PCA then computes the SVD
$$
M = USV^T
$$
where columns of $U$ are left singular vectors (orthonormal in $\mathbb{R}^n$), columns of $V$ are right singular vectors (orthonormal in $\mathbb{R}^m$), and $S=\mathrm{diag}(s_1, s_2, \ldots)$ with ordered singular values $s_1 \ge s_2 \ge \cdots \ge 0$. Typically one computes only the first $k$ singular vectors and values, yielding the best rank $k$ approximation $U_k S_k V_k^T$ of $M$; the truncations $U_k$, $S_k$ and $V_k$ are $n\times k$, $k\times k$ and $m\times k$ respectively.
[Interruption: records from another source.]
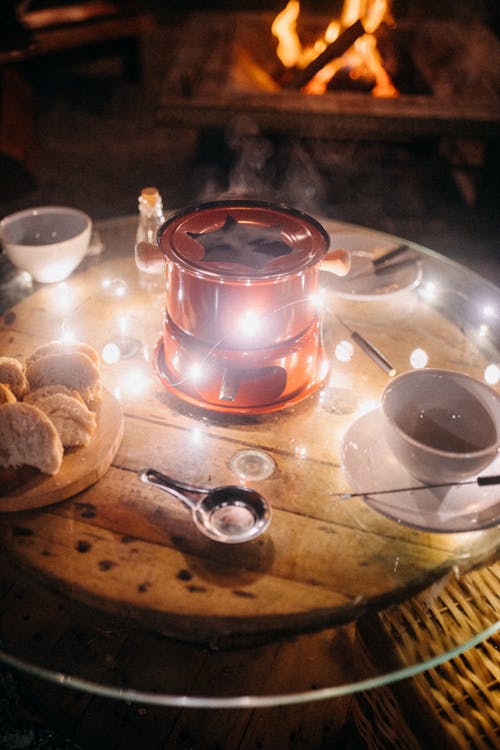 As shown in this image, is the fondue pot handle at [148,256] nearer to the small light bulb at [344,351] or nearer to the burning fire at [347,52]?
the small light bulb at [344,351]

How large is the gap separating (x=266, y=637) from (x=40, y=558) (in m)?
0.49

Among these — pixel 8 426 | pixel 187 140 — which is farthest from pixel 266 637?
pixel 187 140

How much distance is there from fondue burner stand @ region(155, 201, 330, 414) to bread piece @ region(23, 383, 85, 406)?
29 centimetres

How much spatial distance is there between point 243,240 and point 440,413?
66 centimetres

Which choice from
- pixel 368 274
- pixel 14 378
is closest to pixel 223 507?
pixel 14 378

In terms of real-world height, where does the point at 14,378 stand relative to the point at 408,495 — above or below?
above

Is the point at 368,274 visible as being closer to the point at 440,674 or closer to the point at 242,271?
the point at 242,271

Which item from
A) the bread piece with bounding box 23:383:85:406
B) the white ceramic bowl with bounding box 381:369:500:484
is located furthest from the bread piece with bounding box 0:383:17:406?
the white ceramic bowl with bounding box 381:369:500:484

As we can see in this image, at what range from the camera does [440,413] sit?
1.46m

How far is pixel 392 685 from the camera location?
54.2 inches

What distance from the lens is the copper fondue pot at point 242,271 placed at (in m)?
1.41

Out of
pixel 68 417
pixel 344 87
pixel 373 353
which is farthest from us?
pixel 344 87

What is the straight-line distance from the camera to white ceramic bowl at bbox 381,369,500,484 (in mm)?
1350

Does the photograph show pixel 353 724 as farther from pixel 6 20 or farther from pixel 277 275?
pixel 6 20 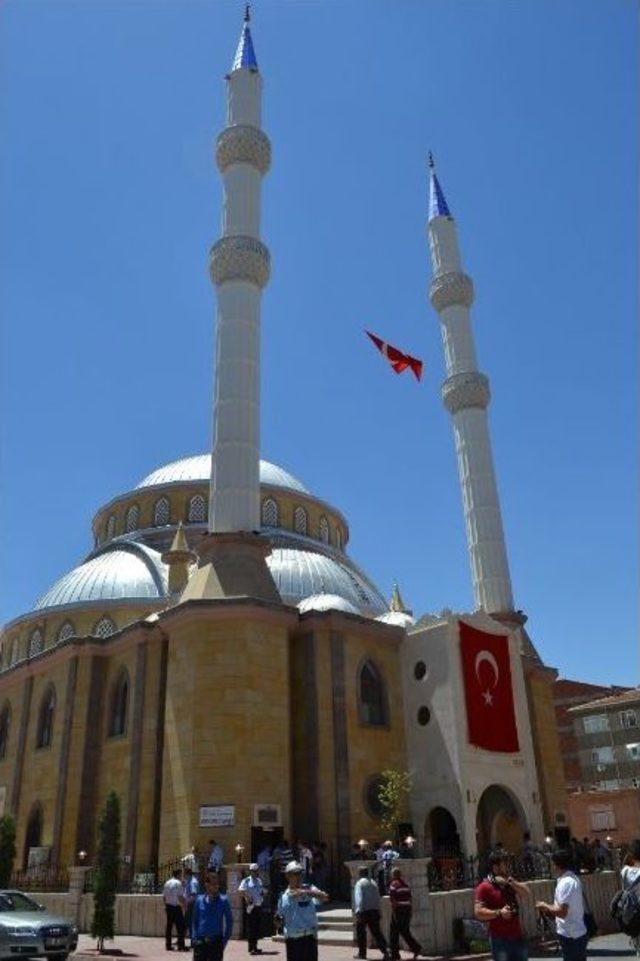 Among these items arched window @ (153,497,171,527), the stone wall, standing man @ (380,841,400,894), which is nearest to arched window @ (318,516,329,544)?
arched window @ (153,497,171,527)

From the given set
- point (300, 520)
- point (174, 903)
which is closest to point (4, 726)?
point (300, 520)

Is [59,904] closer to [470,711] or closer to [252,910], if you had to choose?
[252,910]

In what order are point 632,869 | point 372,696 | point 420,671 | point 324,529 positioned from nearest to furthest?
point 632,869 < point 372,696 < point 420,671 < point 324,529

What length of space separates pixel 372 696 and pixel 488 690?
3550mm

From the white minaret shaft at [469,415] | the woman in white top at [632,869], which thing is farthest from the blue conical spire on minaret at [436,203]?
the woman in white top at [632,869]

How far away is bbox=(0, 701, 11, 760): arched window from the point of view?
3059 cm

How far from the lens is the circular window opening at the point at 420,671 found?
85.1 ft

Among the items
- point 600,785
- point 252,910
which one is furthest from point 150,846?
point 600,785

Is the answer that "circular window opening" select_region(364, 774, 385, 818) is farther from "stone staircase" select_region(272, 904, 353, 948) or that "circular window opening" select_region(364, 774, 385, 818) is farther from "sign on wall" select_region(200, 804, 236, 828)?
"stone staircase" select_region(272, 904, 353, 948)

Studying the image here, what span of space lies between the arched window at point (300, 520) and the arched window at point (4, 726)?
1584 cm

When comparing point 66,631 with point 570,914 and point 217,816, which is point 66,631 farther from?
point 570,914

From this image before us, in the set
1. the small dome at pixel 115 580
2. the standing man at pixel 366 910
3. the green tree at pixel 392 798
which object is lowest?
the standing man at pixel 366 910

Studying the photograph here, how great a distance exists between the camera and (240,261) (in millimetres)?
30578

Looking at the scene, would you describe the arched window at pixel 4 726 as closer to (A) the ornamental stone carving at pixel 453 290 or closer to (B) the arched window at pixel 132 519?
(B) the arched window at pixel 132 519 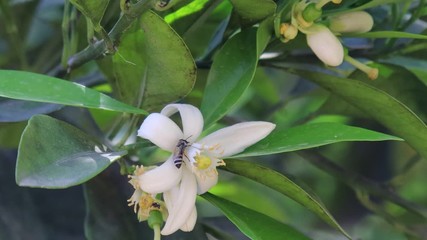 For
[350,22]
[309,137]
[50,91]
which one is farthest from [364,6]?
[50,91]

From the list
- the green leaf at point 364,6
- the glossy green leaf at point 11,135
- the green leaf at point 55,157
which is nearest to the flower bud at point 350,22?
the green leaf at point 364,6

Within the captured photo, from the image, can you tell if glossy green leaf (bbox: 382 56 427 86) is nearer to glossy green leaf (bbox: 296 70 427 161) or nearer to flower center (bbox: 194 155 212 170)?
glossy green leaf (bbox: 296 70 427 161)

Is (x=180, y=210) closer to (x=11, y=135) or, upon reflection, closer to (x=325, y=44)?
(x=325, y=44)

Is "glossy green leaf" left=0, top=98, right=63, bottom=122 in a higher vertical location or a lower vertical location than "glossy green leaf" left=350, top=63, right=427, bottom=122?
lower

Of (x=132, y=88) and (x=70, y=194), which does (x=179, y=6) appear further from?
(x=70, y=194)

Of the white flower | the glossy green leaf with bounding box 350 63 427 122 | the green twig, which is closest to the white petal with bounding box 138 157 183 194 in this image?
the white flower

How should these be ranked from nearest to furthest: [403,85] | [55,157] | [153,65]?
[55,157], [153,65], [403,85]

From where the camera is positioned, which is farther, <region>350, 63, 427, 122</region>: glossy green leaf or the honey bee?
<region>350, 63, 427, 122</region>: glossy green leaf

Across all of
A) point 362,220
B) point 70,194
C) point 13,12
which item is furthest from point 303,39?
point 362,220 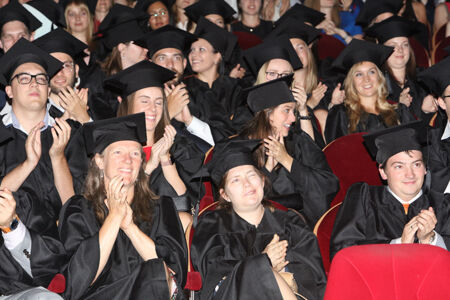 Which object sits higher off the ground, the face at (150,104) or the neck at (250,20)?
the neck at (250,20)

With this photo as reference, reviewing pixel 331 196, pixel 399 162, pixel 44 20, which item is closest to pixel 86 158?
pixel 331 196

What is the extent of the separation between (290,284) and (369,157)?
135 cm

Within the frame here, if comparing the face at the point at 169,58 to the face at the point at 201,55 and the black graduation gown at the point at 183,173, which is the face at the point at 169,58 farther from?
the black graduation gown at the point at 183,173

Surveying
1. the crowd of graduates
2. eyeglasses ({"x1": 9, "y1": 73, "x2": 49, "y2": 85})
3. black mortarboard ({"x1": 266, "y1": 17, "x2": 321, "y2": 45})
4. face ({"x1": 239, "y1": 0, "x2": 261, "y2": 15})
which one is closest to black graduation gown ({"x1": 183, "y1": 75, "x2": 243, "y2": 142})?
the crowd of graduates

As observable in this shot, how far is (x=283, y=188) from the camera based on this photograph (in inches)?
212

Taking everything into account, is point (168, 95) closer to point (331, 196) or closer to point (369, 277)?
point (331, 196)

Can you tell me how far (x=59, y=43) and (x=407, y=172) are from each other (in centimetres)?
316

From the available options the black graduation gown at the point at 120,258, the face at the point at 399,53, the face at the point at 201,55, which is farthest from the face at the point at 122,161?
the face at the point at 399,53

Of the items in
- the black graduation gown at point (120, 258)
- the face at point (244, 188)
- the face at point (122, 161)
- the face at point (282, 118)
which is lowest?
the black graduation gown at point (120, 258)

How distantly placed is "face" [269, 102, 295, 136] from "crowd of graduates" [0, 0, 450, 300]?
0.01 m

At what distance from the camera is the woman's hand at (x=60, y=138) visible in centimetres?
501

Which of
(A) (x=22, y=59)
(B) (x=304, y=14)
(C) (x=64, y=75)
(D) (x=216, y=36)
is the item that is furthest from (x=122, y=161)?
(B) (x=304, y=14)

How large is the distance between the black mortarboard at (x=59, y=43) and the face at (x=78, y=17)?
2.72 feet

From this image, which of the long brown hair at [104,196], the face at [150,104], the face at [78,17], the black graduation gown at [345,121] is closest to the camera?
the long brown hair at [104,196] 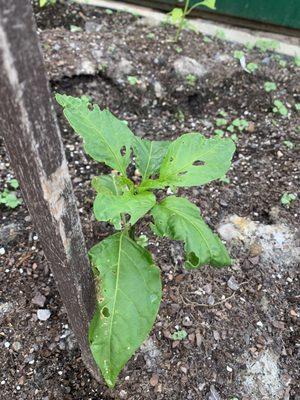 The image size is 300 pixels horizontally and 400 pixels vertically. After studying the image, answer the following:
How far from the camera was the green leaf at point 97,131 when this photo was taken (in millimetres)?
1397

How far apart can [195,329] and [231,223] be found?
2.22 feet

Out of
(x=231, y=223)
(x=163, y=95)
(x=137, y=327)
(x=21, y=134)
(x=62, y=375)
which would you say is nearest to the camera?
(x=21, y=134)

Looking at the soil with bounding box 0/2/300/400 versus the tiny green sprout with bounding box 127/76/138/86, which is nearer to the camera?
the soil with bounding box 0/2/300/400

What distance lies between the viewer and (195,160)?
1.48m

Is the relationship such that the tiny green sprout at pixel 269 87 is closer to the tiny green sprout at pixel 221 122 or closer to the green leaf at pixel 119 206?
the tiny green sprout at pixel 221 122

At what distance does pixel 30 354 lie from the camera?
198 cm

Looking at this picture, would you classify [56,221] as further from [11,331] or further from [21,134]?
[11,331]

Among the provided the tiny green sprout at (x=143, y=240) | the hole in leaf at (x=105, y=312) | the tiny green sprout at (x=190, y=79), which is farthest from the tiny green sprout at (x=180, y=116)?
the hole in leaf at (x=105, y=312)

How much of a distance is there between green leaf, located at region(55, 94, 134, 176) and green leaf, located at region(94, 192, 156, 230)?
0.21 m

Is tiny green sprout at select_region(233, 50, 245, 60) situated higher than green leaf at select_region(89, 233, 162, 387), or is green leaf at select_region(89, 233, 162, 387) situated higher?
green leaf at select_region(89, 233, 162, 387)

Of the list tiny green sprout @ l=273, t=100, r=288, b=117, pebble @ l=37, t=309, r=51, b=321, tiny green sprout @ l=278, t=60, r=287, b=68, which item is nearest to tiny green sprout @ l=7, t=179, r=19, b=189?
pebble @ l=37, t=309, r=51, b=321

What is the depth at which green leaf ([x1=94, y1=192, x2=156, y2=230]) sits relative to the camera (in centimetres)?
115

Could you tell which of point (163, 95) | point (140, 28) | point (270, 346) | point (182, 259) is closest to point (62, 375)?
point (182, 259)

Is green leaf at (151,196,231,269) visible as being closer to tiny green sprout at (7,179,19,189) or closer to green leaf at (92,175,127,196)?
green leaf at (92,175,127,196) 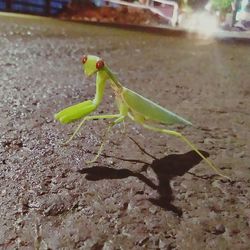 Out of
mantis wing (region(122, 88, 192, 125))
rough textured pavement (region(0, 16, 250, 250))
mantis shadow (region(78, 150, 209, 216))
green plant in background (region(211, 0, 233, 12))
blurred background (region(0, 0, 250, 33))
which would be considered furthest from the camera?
green plant in background (region(211, 0, 233, 12))

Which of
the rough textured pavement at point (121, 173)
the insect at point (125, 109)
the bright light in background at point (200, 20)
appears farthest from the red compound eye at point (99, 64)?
the bright light in background at point (200, 20)

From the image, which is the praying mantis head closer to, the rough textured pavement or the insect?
the insect

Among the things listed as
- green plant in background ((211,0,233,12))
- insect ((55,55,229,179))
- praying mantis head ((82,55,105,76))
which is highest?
green plant in background ((211,0,233,12))

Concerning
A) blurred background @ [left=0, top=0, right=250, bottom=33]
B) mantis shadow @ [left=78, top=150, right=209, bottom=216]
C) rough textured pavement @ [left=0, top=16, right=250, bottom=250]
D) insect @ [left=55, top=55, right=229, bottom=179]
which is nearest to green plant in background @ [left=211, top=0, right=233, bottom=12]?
blurred background @ [left=0, top=0, right=250, bottom=33]

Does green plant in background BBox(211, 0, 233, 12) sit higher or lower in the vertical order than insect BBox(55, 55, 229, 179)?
higher

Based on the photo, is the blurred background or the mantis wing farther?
the blurred background

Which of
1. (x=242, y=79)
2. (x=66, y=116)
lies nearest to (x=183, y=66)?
(x=242, y=79)

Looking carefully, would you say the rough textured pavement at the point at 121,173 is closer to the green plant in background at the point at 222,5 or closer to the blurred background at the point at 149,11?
the blurred background at the point at 149,11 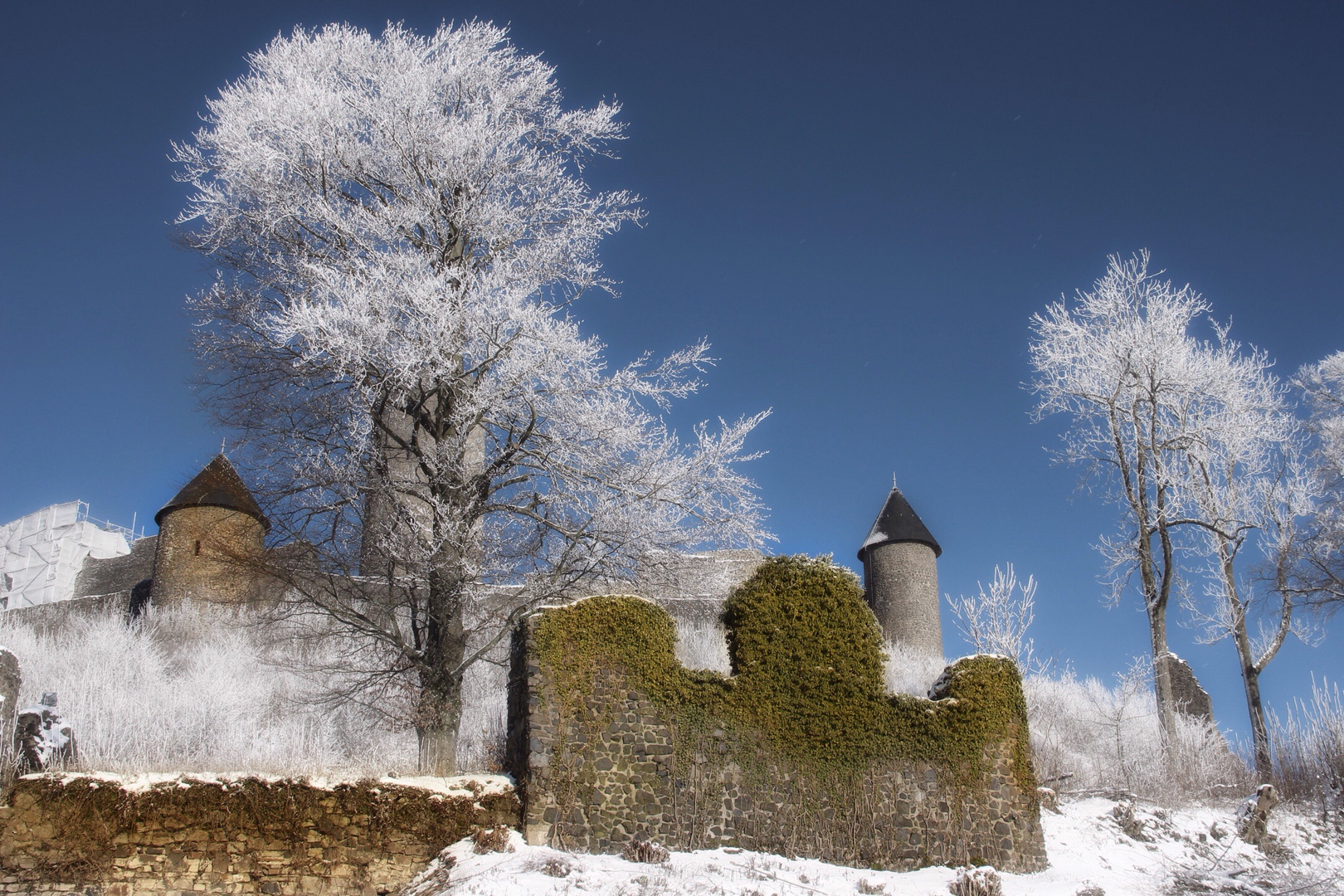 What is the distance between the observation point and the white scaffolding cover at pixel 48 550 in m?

From the perspective of the samples or rows of $M$ as data, $V_k$ contains the variant loadings for the first $k$ PCs while $MV_k = U_k S_k$ contains the first $k$ PC scores of each sample. The loadings represent a new basis of features while the scores represent the projected data on those features. The eigenvalues of the GRM $MM^T$ are the squares of the singular values $s_1^2, s_2^2, \ldots$, which represent the variances carried by the respective PCs.
Note: In PLINK/GCTA the GRM is taken as the starting point and it is computed slightly differently with regard to missing data. Here the $ij$ entry of $MM^T$ is simply the dot product of rows $i$ and $j$ of $M$; in terms of $C$ it is
$$
\frac{1}{m}\sum{l\in\mathcal{C}i\cap\mathcal{C}j}\frac{(C{il}-2p_l)(C{jl} - 2p_l)}{2p_l(1-p_l)}
$$
where $\mathcal{C}i = {l\mid C{il}\text{ is non-missing}}$. In PLINK/GCTA the denominator $m$ is replaced with the number of terms in the sum $\lvert\mathcal{C}_i\cap\mathcal{C}_j\rvert$, i.e. the number of variants where both samples have non-missing genotypes. While this is arguably a better estimator of the true GRM (trading shrinkage for noise), it has the drawback that one loses the clean interpretation of the loadings and scores as features and projections.
Separately, for the PCs PLINK/GCTA output the eigenvectors of the GRM; even ignoring the above discrepancy that means the left singular vectors $U_k$ instead of the component scores $U_k S_k$. While this is just a matter of the scale on each PC, the scores have the advantage of representing true projections of the data onto features with the variance of a score reflecting the variance explained by the corresponding feature. (In PC bi-plots this amounts to a change in aspect ratio; for use of PCs as covariates in regression it is immaterial.)